Bagi Negara (Penerimaan): Uang tebusan yang dibayarkan menjadi suntikan penerimaan negara dalam jangka pendek.
Repatriasi Modal: Mendorong para wajib pajak untuk membawa pulang aset dan modal mereka dari luar negeri ke dalam negeri, yang kemudian bisa digunakan untuk investasi dan menggerakkan roda perekonomian.
Meningkatkan Kepatuhan: Setelah mengikuti amnesti, data aset wajib pajak kini tercatat resmi di DJP, sehingga di masa depan mereka diharapkan menjadi lebih patuh dalam membayar pajak.

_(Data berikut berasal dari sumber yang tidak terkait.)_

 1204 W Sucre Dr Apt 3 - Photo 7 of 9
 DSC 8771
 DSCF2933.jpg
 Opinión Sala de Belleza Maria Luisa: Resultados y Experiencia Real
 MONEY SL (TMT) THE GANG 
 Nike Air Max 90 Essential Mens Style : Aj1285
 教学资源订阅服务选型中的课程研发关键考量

Prosesnya pun dibuat mudah. Wajib pajak hanya perlu melaporkan hartanya melalui surat pernyataan aset, lalu membayar uang tebusan sesuai nilai harta yang diungkap. Setelah itu, DJP akan memberikan surat keterangan pengampunan pajak, yang membebaskan mereka dari tuntutan sanksi administrasi hingga pidana perpajakan.
Jejak Tax Amnesty di Indonesia: Ribuan Triliun Terungkap
Indonesia sendiri sudah dua kali menggelar program serupa. Tax amnesty jilid I yang fenomenal berlangsung pada periode 2016-2017. Kala itu, pemerintah mengklaim program ini hanya akan dilakukan sekali seumur hidup. Hasilnya luar biasa, diikuti oleh 956.793 wajib pajak dan berhasil mengungkap harta senilai Rp4.854,63 triliun. Dari program itu, negara meraup uang tebusan sebesar Rp114,02 triliun.

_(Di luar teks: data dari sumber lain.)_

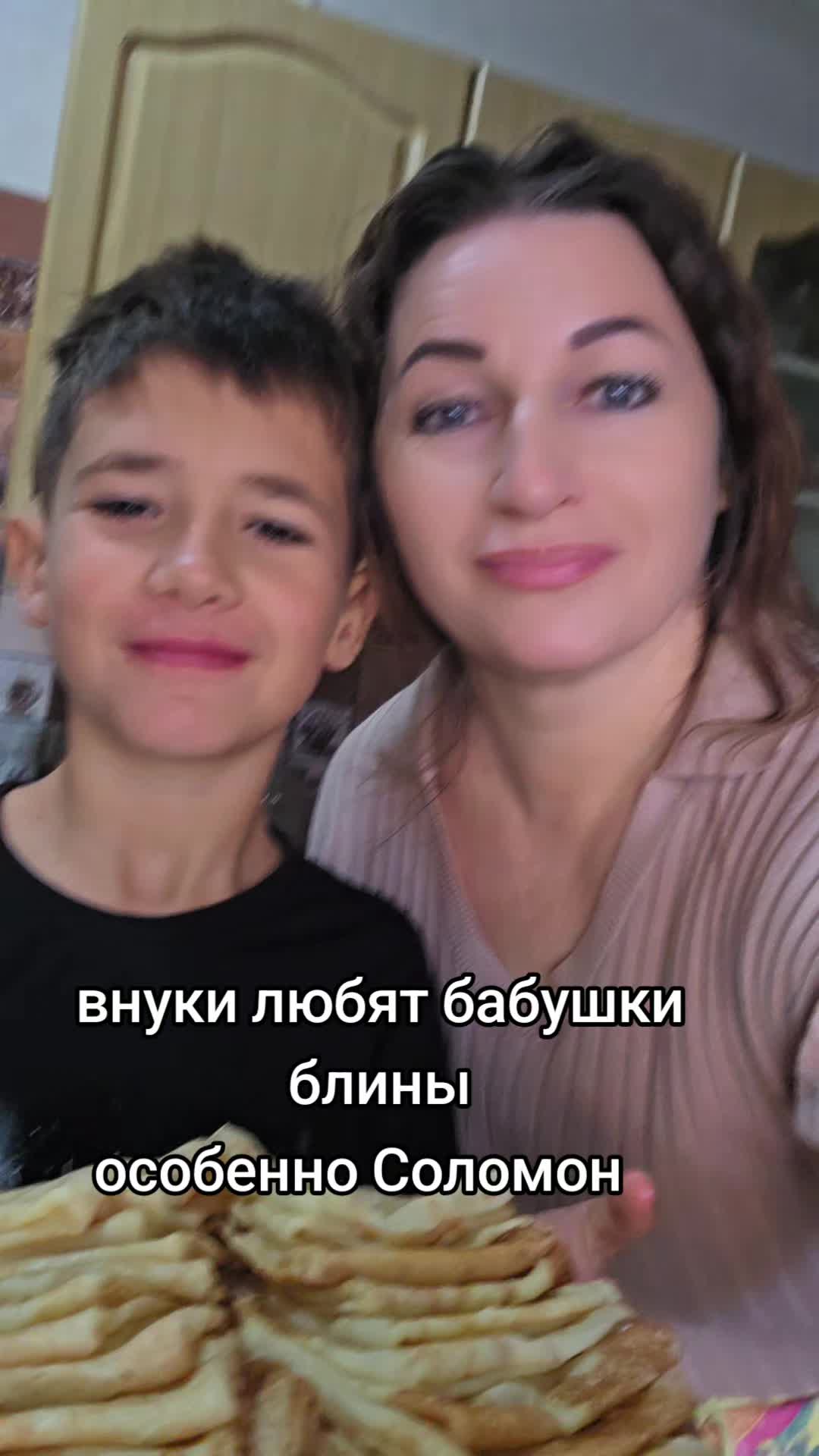 @SVETLANA 🦂 SCORPIONS 🦂 ♥️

Namun, pada 1 Januari hingga 30 Juni 2022, pemerintah kembali menggelar program serupa dengan nama Program Pengungkapan Sukarela (PPS) atau yang sering disebut tax amnesty jilid II. Program ini diikuti oleh 247.918 wajib pajak, dengan total harta yang diungkap mencapai Rp594,82 triliun dan menghasilkan Pajak Penghasilan (PPh) sebesar Rp60,01 triliun untuk kas negara.
Melihat rekam jejak ini, penolakan Menkeu Purbaya untuk jilid III menjadi sinyal bahwa pemerintah ingin beralih dari kebijakan "pengampunan" ke penegakan hukum pajak yang lebih konsisten.